Comparative transcriptomic analysis reveals translationally relevant processes in mouse models of malaria

  1. Athina Georgiadou
  2. Claire Dunican
  3. Pablo Soro-Barrio
  4. Hyun Jae Lee
  5. Myrsini Kaforou
  6. Aubrey J Cunnington  Is a corresponding author
  1. Section of Paediatric Infectious Disease, Department of Infectious Disease, Imperial College London, United Kingdom
  2. Centre for Paediatrics and Child Health, Imperial College London, United Kingdom
  3. Institute for Molecular Bioscience, University of Queensland, Australia
5 figures, 1 table and 26 additional files

Figures

Figure 1 with 1 supplement
Course of infection in five mouse malaria models.

Comparison of parasitemia (a–e) and change in weight (as percentage of baseline weight) (f–j) for 8-week-old C57BL/6J female wild-type mice infected with: Plasmodium yoelii 17XL, P. berghei ANKA, P. berghei NK65, P. yoelii 17XNL, and P. chabaudi AS, respectively. Points show mean, and bars show SD, for n=6 mice (up to and including time point of first signs of ill health, dashed vertical line) and n=3 mice (after dashed vertical line) for each infection. † indicates humane endpoint for lethal infections. Severity scoring for each infection shown in Figure 1—figure supplement 1, and individual mouse parasitemia and weights shown in Figure 1—source data 1.

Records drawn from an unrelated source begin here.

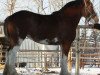 broodmare Willow Way Journey (Clydesdale, 2009, from Zorra Highland Captain)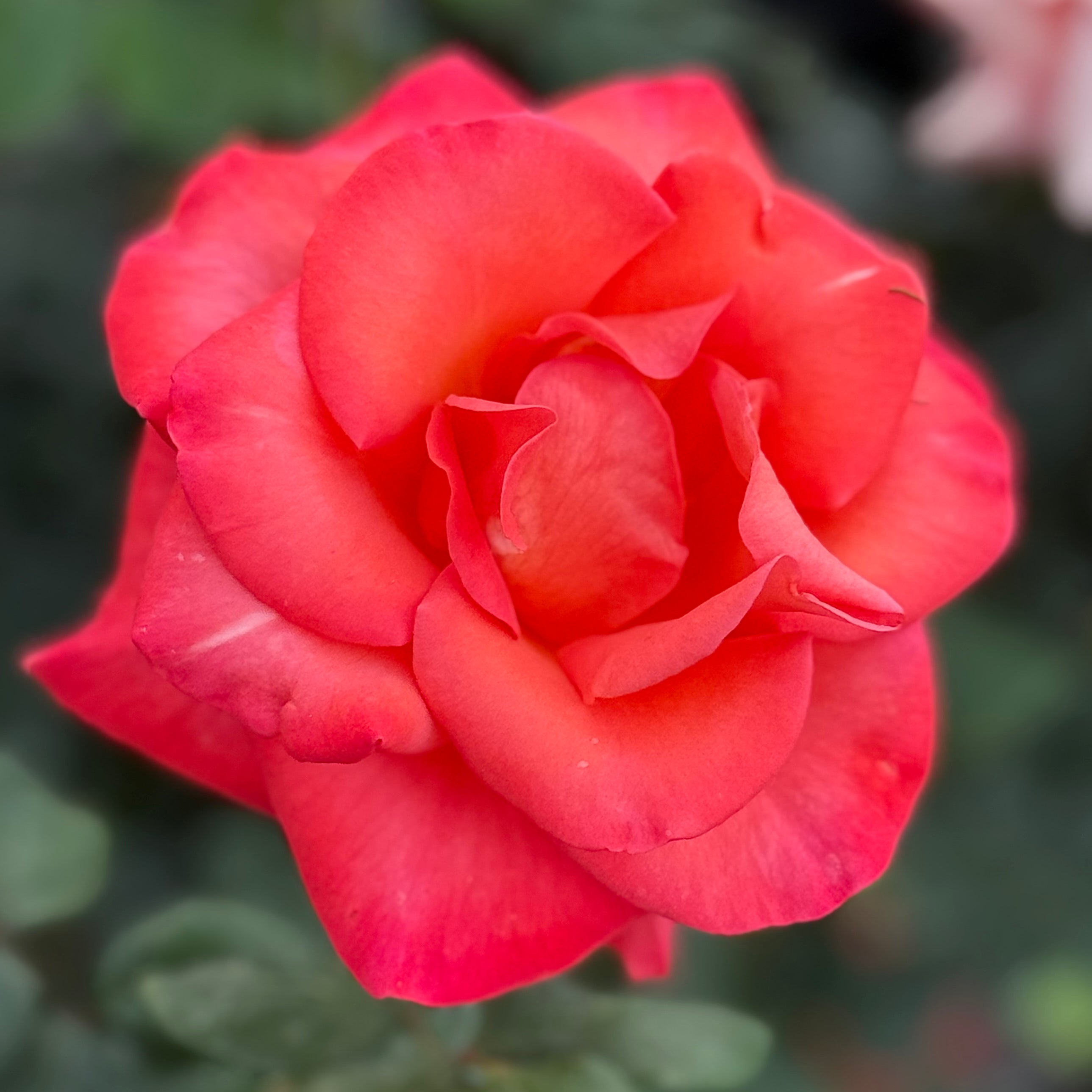Ring of Fire™ Potted Rose Bush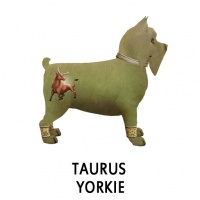 Taurus Yorkie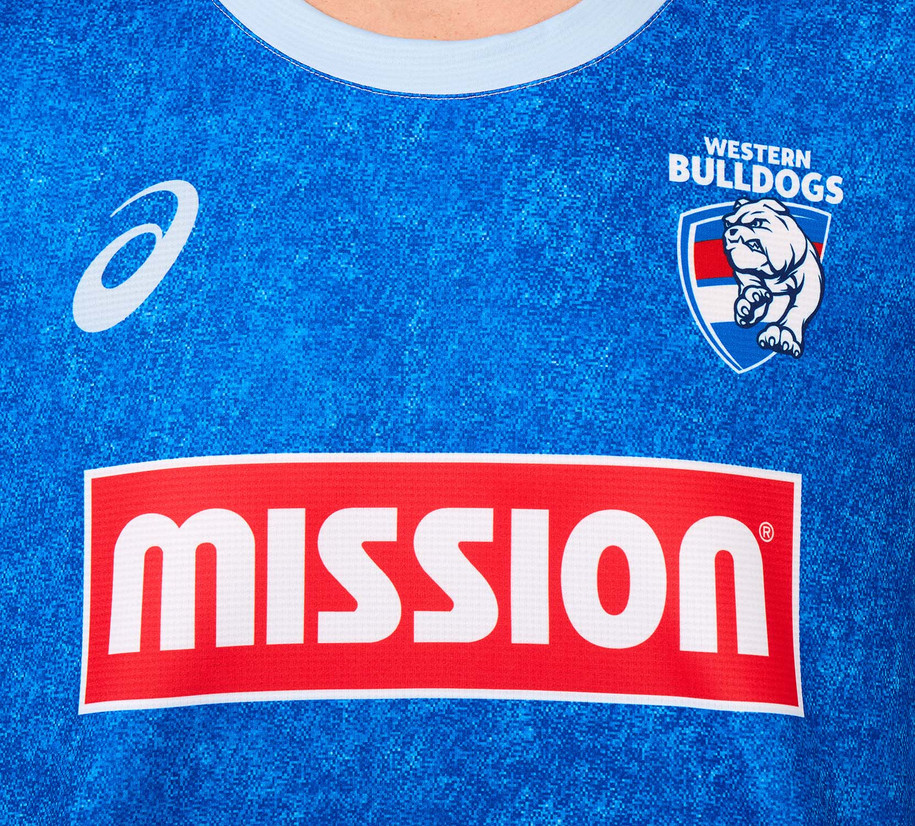 Western Bulldogs Asics 2026 Training Tee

Figure 1—figure supplement 1
Severity scoring.

Severity scoring in five mouse malaria models: 8-week-old C57BL/6J female wild-type mice infected with: Plasmodium yoelii 17XL, P. berghei ANKA, P. berghei NK65, P. yoelii 17XNL, and P. chabaudi AS, respectively. Points show mean, and bars show SD, for n=6 mice (up to and including time point of first signs of ill health, dashed vertical line) and n=3 mice (after dashed vertical line) for each infection.

Figure 2 with 4 supplements
Comparison of host differential gene expression in human uncomplicated malaria and early stage illness in five mouse malaria models.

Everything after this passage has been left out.